MARGARET PARSONS: I think it’s important to note that this unholy and cynical alliance between what is predominantly white Western countries is them not wanting to have to address the legacy of the trans-Atlantic slave trade, colonization, the occupation of Palestine, and the expropriation of indigenous people’s lands and resources.
And I think still a lot has been accomplished, because a lot has been achieved since 2001. Many regions of the world, many countries have taken the Durban Declaration and Program of Action very seriously and have moved it forward, countries such as Brazil. The Afro-Latino and indigenous communities in regions in South America have seen not full and complete progress, but significant progress. We’ve seen the same thing happen in places like South Africa, with the Dalits in India. And so, I think that we are here now to support those countries, to support those regions and those governments, and as they move forward in the implementation.
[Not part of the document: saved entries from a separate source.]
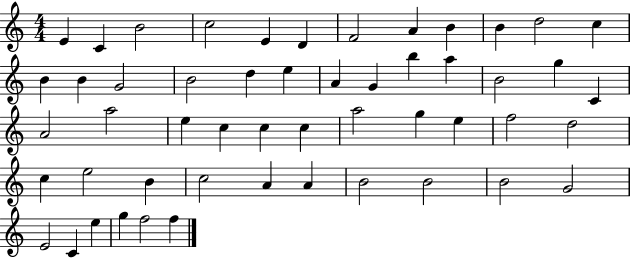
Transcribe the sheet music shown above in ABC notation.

X:1
T:Untitled
M:4/4
L:1/4
K:C
E C B2 c2 E D F2 A B B d2 c B B G2 B2 d e A G b a B2 g C A2 a2 e c c c a2 g e f2 d2 c e2 B c2 A A B2 B2 B2 G2 E2 C e g f2 f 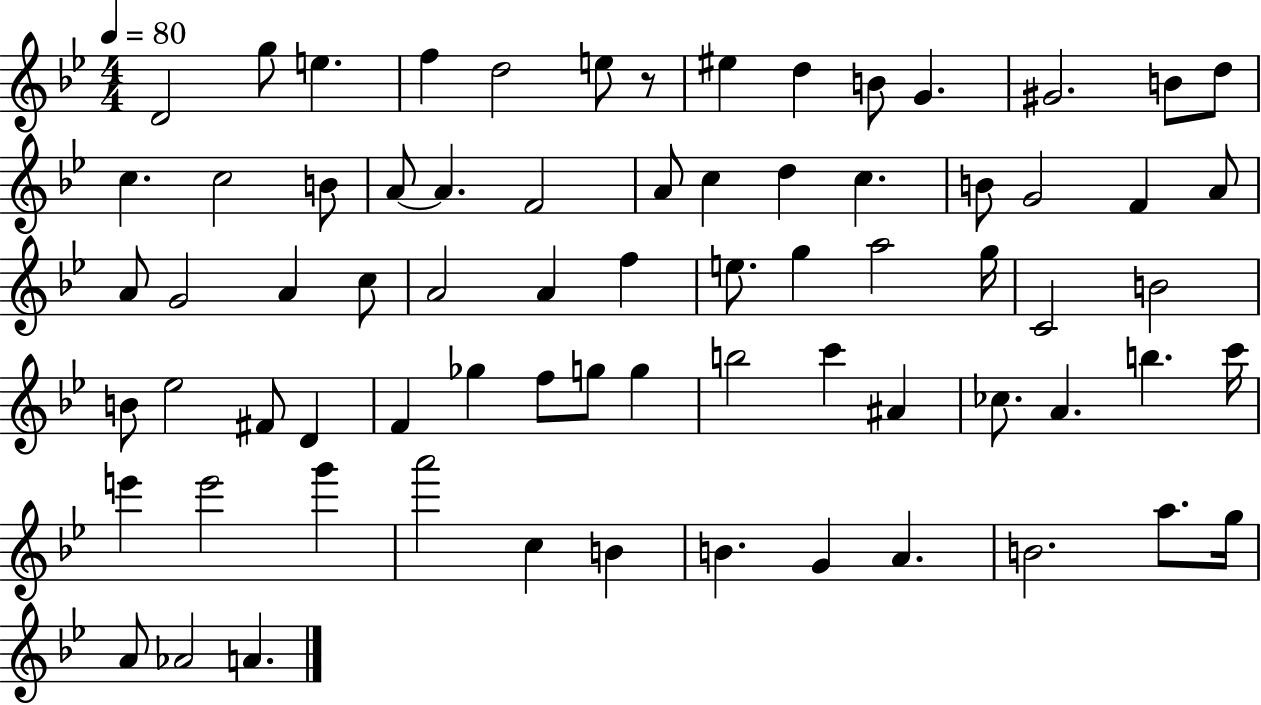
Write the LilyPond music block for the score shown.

{
  \clef treble
  \numericTimeSignature
  \time 4/4
  \key bes \major
  \tempo 4 = 80
  d'2 g''8 e''4. | f''4 d''2 e''8 r8 | eis''4 d''4 b'8 g'4. | gis'2. b'8 d''8 | \break c''4. c''2 b'8 | a'8~~ a'4. f'2 | a'8 c''4 d''4 c''4. | b'8 g'2 f'4 a'8 | \break a'8 g'2 a'4 c''8 | a'2 a'4 f''4 | e''8. g''4 a''2 g''16 | c'2 b'2 | \break b'8 ees''2 fis'8 d'4 | f'4 ges''4 f''8 g''8 g''4 | b''2 c'''4 ais'4 | ces''8. a'4. b''4. c'''16 | \break e'''4 e'''2 g'''4 | a'''2 c''4 b'4 | b'4. g'4 a'4. | b'2. a''8. g''16 | \break a'8 aes'2 a'4. | \bar "|."
} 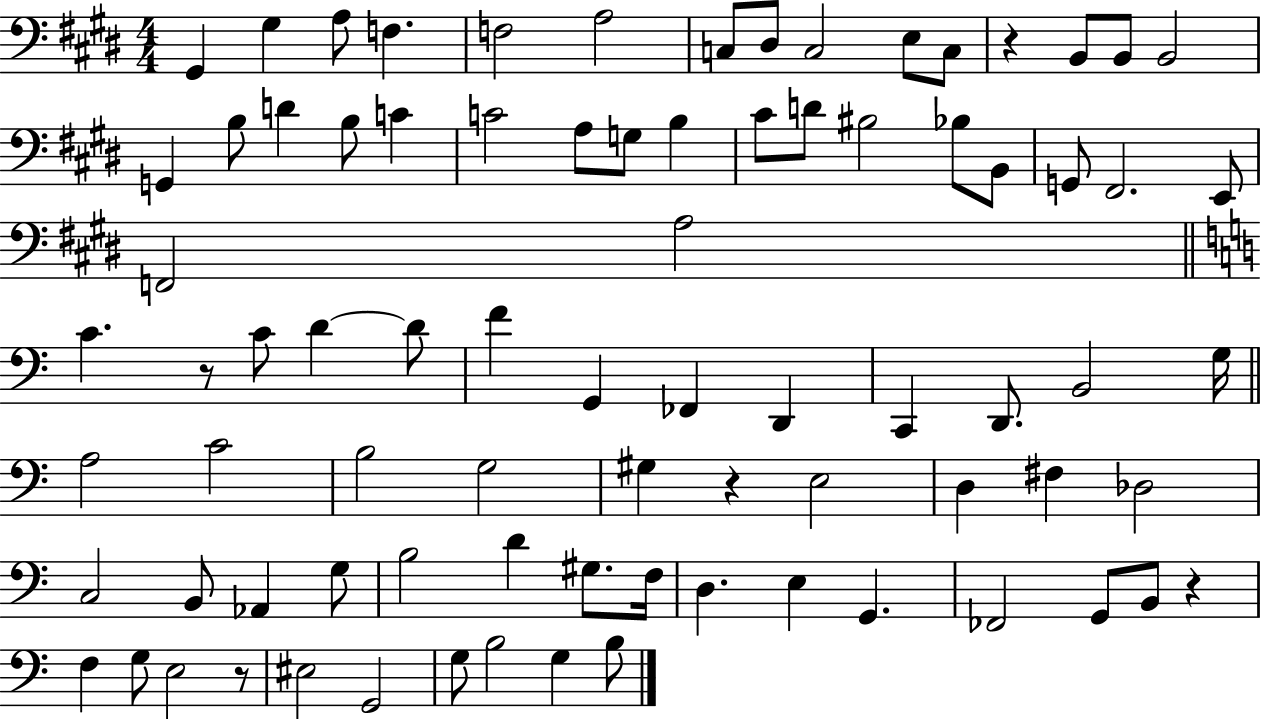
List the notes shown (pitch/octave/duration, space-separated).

G#2/q G#3/q A3/e F3/q. F3/h A3/h C3/e D#3/e C3/h E3/e C3/e R/q B2/e B2/e B2/h G2/q B3/e D4/q B3/e C4/q C4/h A3/e G3/e B3/q C#4/e D4/e BIS3/h Bb3/e B2/e G2/e F#2/h. E2/e F2/h A3/h C4/q. R/e C4/e D4/q D4/e F4/q G2/q FES2/q D2/q C2/q D2/e. B2/h G3/s A3/h C4/h B3/h G3/h G#3/q R/q E3/h D3/q F#3/q Db3/h C3/h B2/e Ab2/q G3/e B3/h D4/q G#3/e. F3/s D3/q. E3/q G2/q. FES2/h G2/e B2/e R/q F3/q G3/e E3/h R/e EIS3/h G2/h G3/e B3/h G3/q B3/e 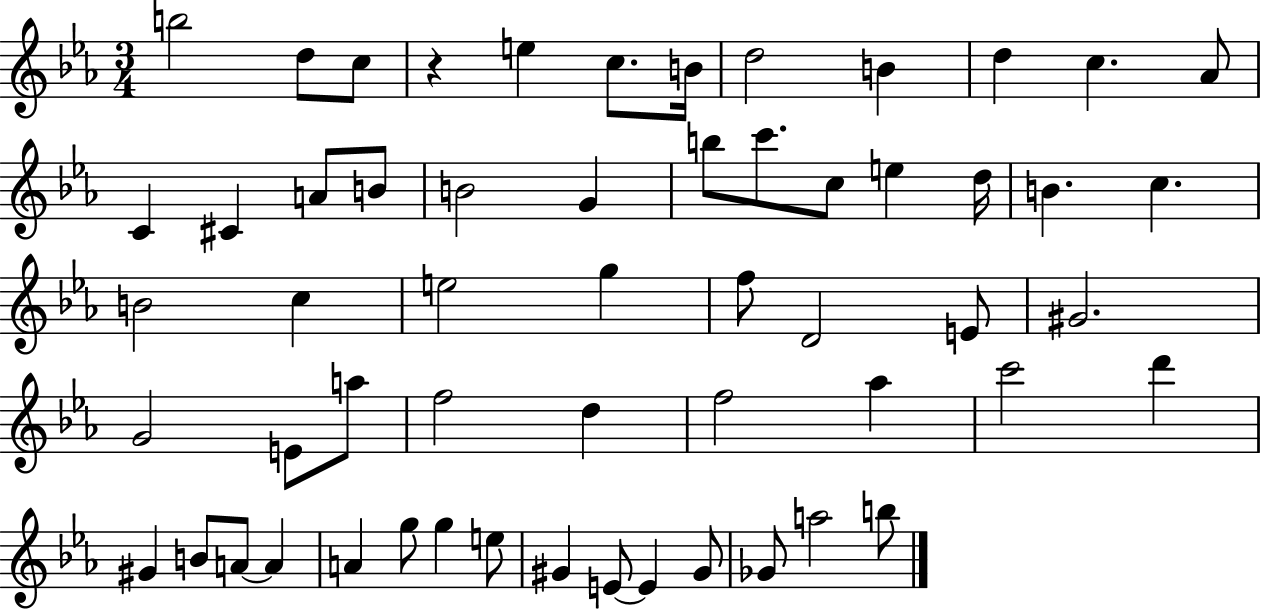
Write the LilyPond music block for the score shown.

{
  \clef treble
  \numericTimeSignature
  \time 3/4
  \key ees \major
  b''2 d''8 c''8 | r4 e''4 c''8. b'16 | d''2 b'4 | d''4 c''4. aes'8 | \break c'4 cis'4 a'8 b'8 | b'2 g'4 | b''8 c'''8. c''8 e''4 d''16 | b'4. c''4. | \break b'2 c''4 | e''2 g''4 | f''8 d'2 e'8 | gis'2. | \break g'2 e'8 a''8 | f''2 d''4 | f''2 aes''4 | c'''2 d'''4 | \break gis'4 b'8 a'8~~ a'4 | a'4 g''8 g''4 e''8 | gis'4 e'8~~ e'4 gis'8 | ges'8 a''2 b''8 | \break \bar "|."
} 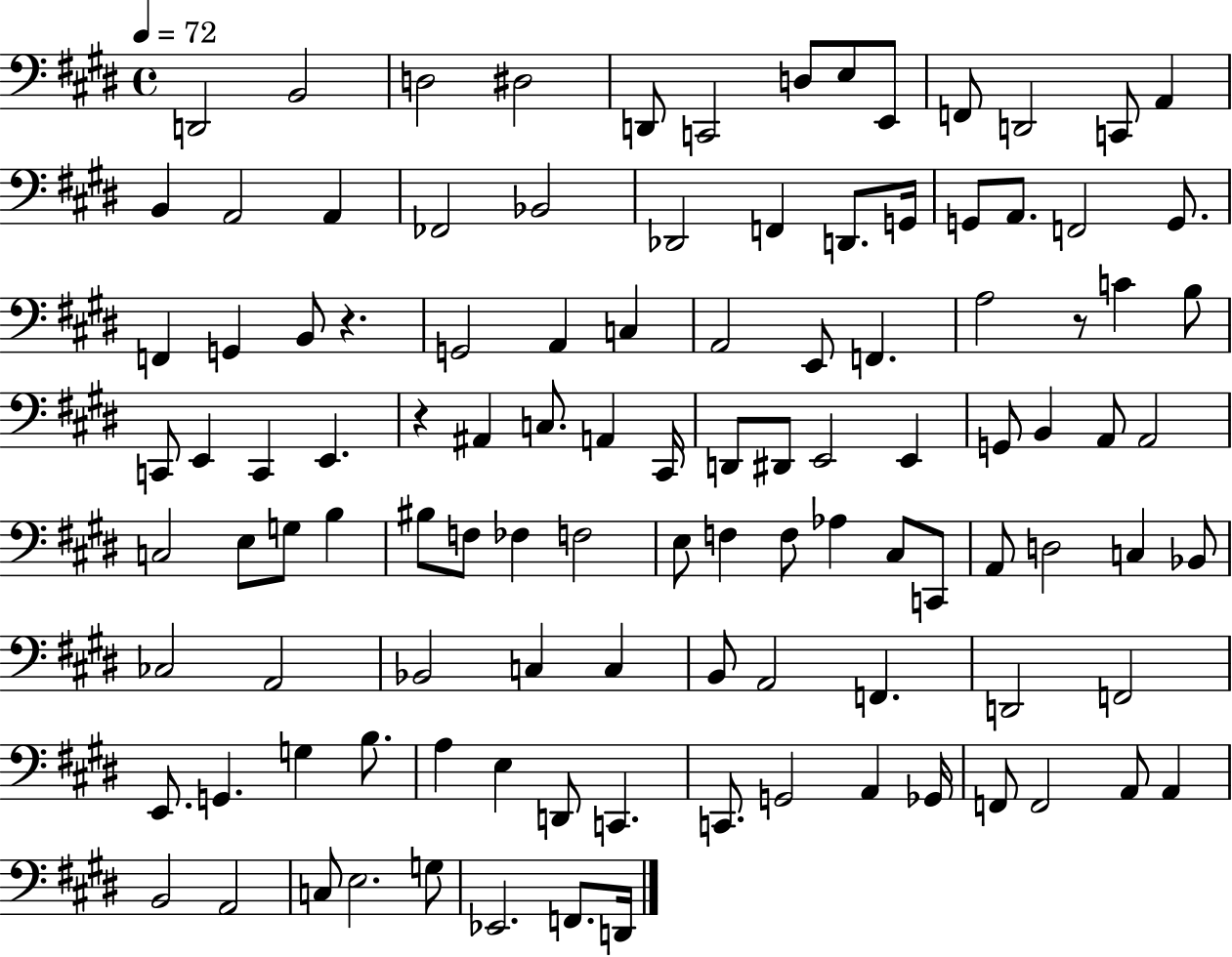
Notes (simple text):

D2/h B2/h D3/h D#3/h D2/e C2/h D3/e E3/e E2/e F2/e D2/h C2/e A2/q B2/q A2/h A2/q FES2/h Bb2/h Db2/h F2/q D2/e. G2/s G2/e A2/e. F2/h G2/e. F2/q G2/q B2/e R/q. G2/h A2/q C3/q A2/h E2/e F2/q. A3/h R/e C4/q B3/e C2/e E2/q C2/q E2/q. R/q A#2/q C3/e. A2/q C#2/s D2/e D#2/e E2/h E2/q G2/e B2/q A2/e A2/h C3/h E3/e G3/e B3/q BIS3/e F3/e FES3/q F3/h E3/e F3/q F3/e Ab3/q C#3/e C2/e A2/e D3/h C3/q Bb2/e CES3/h A2/h Bb2/h C3/q C3/q B2/e A2/h F2/q. D2/h F2/h E2/e. G2/q. G3/q B3/e. A3/q E3/q D2/e C2/q. C2/e. G2/h A2/q Gb2/s F2/e F2/h A2/e A2/q B2/h A2/h C3/e E3/h. G3/e Eb2/h. F2/e. D2/s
But also we are here in defiance of our governments—Canada and the US and New Zealand and the Netherlands—to say we are not giving up the fight, and we are going to continue in our struggle to end racism, in our anti-racism agenda, and to continue to hold our countries accountable and these Western countries accountable, because this is our very lives, this is our very human rights that’s at stake here. And whether or not they are here, we will continue to move and continue to speak out against atrocities around the world, human rights abuses, and to ensure that racism and discrimination is combatted everywhere.
AMY GOODMAN: Well, I want to thank you both for being with us, Margaret Parsons, executive director of the African Canadian Legal Clinic, as well as Ingrid Jaradat, the director of the Bethlehem-based BADIL Resource Center for Palestinian residency and refugee rights, both speaking to us from Geneva.